« Glassforms », l’hommage de Max Cooper et Bruce Brubaker à Philip Glass qui mélange piano et électro
ECLATS DE LUMIERE•Construisant autour d’un terreau déjà fertile, Max Cooper et Bruce Brubaker ont créé une magnifique interprétation pleinement vivante de l’œuvre de Philip Glass, l’album « Glassforms »Aude Lorriaux
Prenez sept minutes, seulement sept petites minutes de votre temps, pour (ré)écouter Métamorphose Two de Philip Glass. Puis quand vous serez remis de ce moment de grâce, de pure dentelle sonore, ouvrez la version recréée par le producteur de musique électronique Max Cooper et le pianiste Bruce Brubaker, dans l’album Glassforms, sorti ce 5 juin en version numérique. Appréciez les recoins ombrageux, les scintillements de glace et de lumière, les échos galactiques composés comme un écrin ouvert et respirant autour de l’œuvre de Glass. Sentez ce souffle qui gonfle ou souligne chaque note, et cette myriade de reflets qui soudainement jaillit au détour d’une trace sonore.
Construisant de fines membranes organiques autour d’un terreau déjà fertile, Max Cooper et Bruce Brubaker ont créé une magnifique interprétation pleinement vivante de l’œuvre de Glass, au sens le plus noble du mot interprétation. Un paradis de formes extatiques d’abord né en live, suite à une commande de la Philharmonie de Paris.
Vibrant de l’intérieur
« Glass a été l’un des premiers musiciens avec lequel je me suis connecté quand j’étais enfant. Et je ne le savais pas encore, mais ce que j’aimais chez lui c’était les structures rythmiques, les syncopes, les répétitions, et tout un tas d’ingrédients que l’on retrouve dans la musique électronique », raconte par téléphone Max Cooper. Le minimalisme américain est de longue date une source d’inspiration pour les musiques électroniques.
Mais ici le génie est qu’il ne s’agit pas seulement d’ajouter une touche de son autour d’une œuvre préexistante, mais bien de la faire vibrer de l’intérieur, grâce à un outil créé spécialement par le développeur Alexander Randon.
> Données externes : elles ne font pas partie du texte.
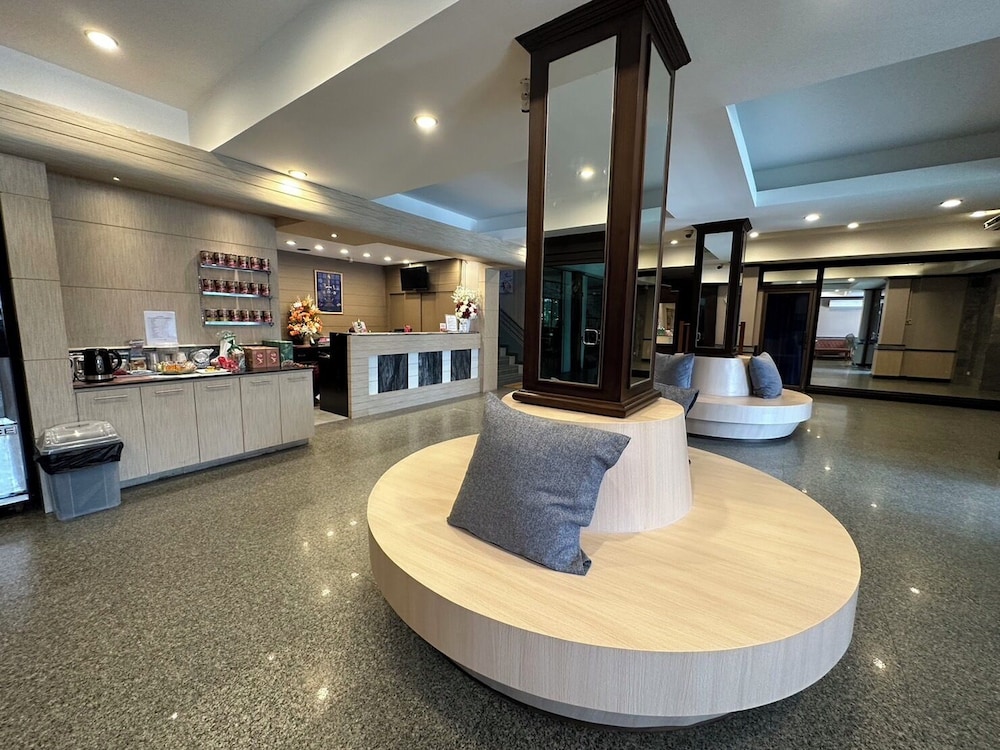 Klaang Muang Hotel Rayong 15/54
Le piano de Bruce Brubaker est directement branché sur le synthétiseur de Max Cooper, qui module la matière produite. « Je ne voulais pas juste ajouter de la musique électronique par-dessus, je voulais l’intégrer à la partition de Glass, c’était un vrai défi technique », explique Max Cooper, pour lequel « chaque note devient une pièce électronique ». Les deux musiciens jouent ainsi véritablement ensemble la même matière.
Un artiste qui crée des ponts
Le producteur d’électro, qui crée aussi éblouissantes œuvres visuelles, nous explique avoir été marqué par le documentaire Koyaanisqatsi, sorti en 1982, dont la bande-son est l’œuvre de Glass « Ce fut l’un des premiers films à me montrer ce que l’on peut faire avec cette sorte de visualisation abstraite et de répétition hypnotique, et qu’on pouvait créer une narration puissante et pleine d’émotion avec un film de 90 minutes sans personnages, explique-t-il. Philip Glass a eu une grande importance dans mon développement pas seulement d’artiste, mais aussi d’artiste visuel ».
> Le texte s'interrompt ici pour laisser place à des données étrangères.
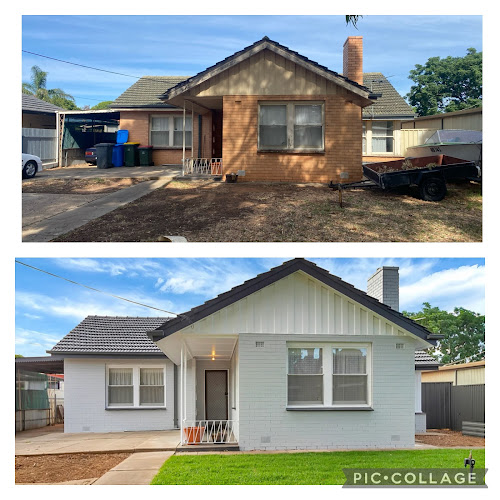 Get It Painted Painting Services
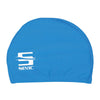 Bonnet de bain Lycra Enfants Bleu Seac 152-26B
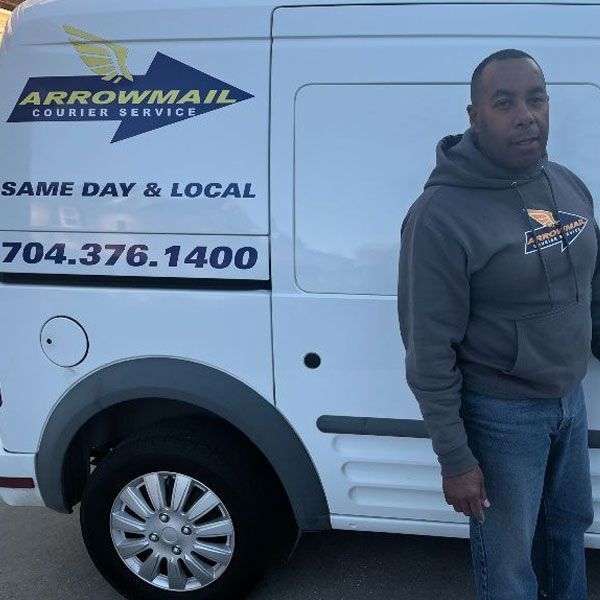 Photo of Haywood Miller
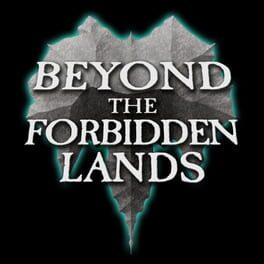 Beyond the Forbidden Lands Cover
Artiste créant des ponts, comme tous les grands artistes, Max Cooper, ancien biologiste, aime à faire dialoguer les mondes : science et musique, dans son album Human, musique et architecture, sur le projet Aether, et aujourd’hui musique classique et musique électronique. Il nous raconte ce directeur d’opéra, qui un jour lui lâcha : « Je n’avais jamais pensé que la musique électronique pouvait être belle. » « Beaucoup de gens quand ils pensent à la musique électronique s’imaginent des jeunes qui font des raves. lls ne sont jamais exposés à ce que la musique électronique peut aussi être : quelque chose de beau et de reflexif ».
Le voilà prenant un grand plaisir à déconstruire les clichés, à tisser des liens entre ces deux mondes séparés, qui se regardent parfois en chiens de faïence. Et de conclure : « J’essaie souvent de me projeter dans de nouveaux univers musicaux. Prendre des idées de différentes sphères, c’est la définition même de la créativité. »
- Glassforms (InFiné) est disponible sur les plateformes numériques dès ce 5 juin, et en CD et LP à partir du 24 juillet.